===== SUPPLIED RECORDS =====

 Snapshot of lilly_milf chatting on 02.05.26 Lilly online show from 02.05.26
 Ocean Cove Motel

=====
===== SUPPLIED RECORDS =====

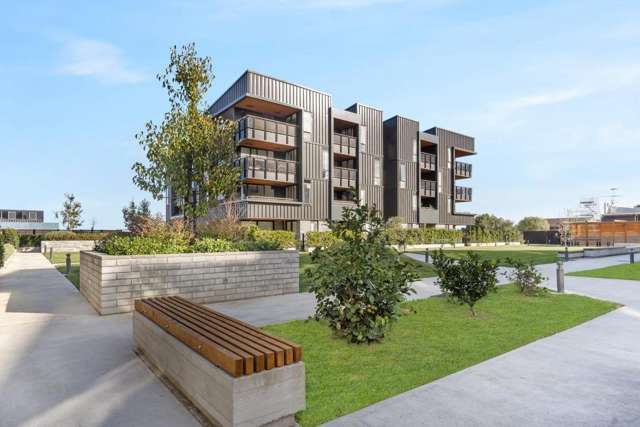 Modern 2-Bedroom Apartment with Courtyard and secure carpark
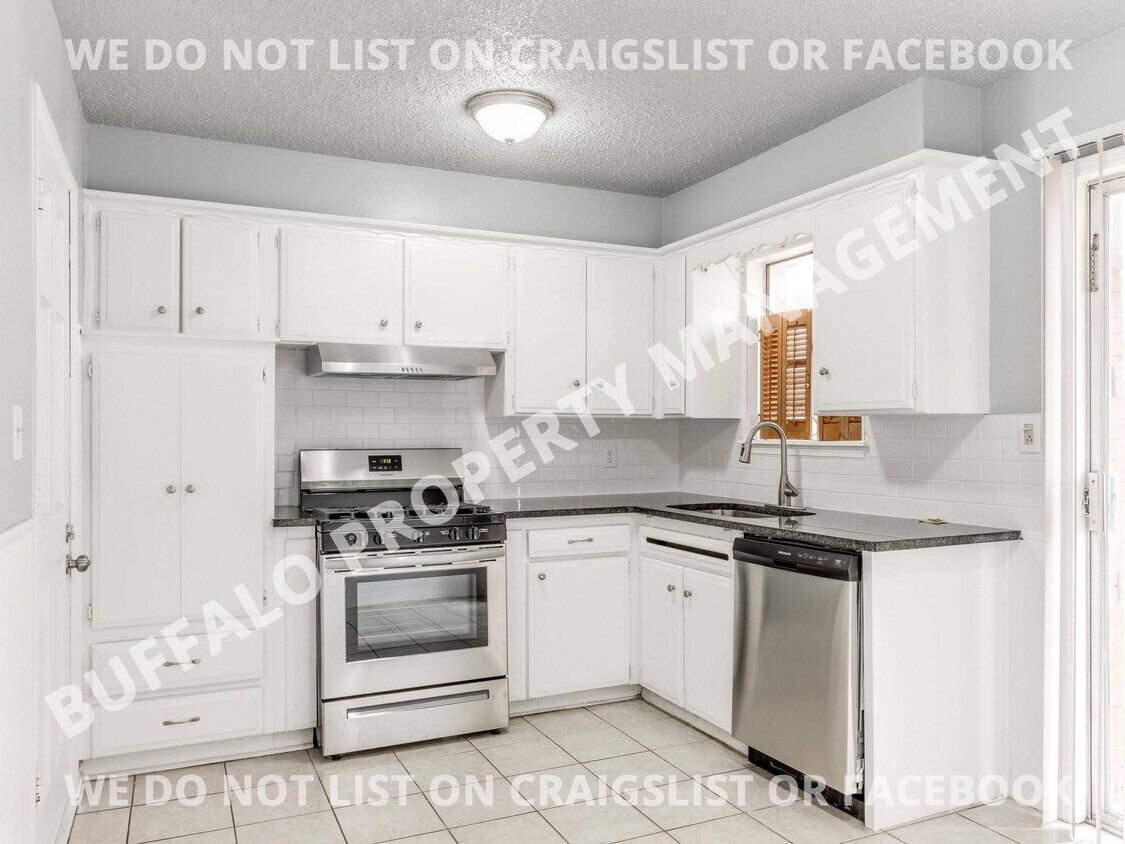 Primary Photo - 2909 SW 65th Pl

=====

**WHAT IS BEING ASKED:**
The range runs from the line above containing "Snapshot of lilly_milf" to the line containing "Ocean Cove Motel", inclusive. Restate those lines word for word and no others.

**ANSWER TO THE EXERCISE:**
 Snapshot of lilly_milf chatting on 02.05.26 Lilly online show from 02.05.26
 Ocean Cove Motel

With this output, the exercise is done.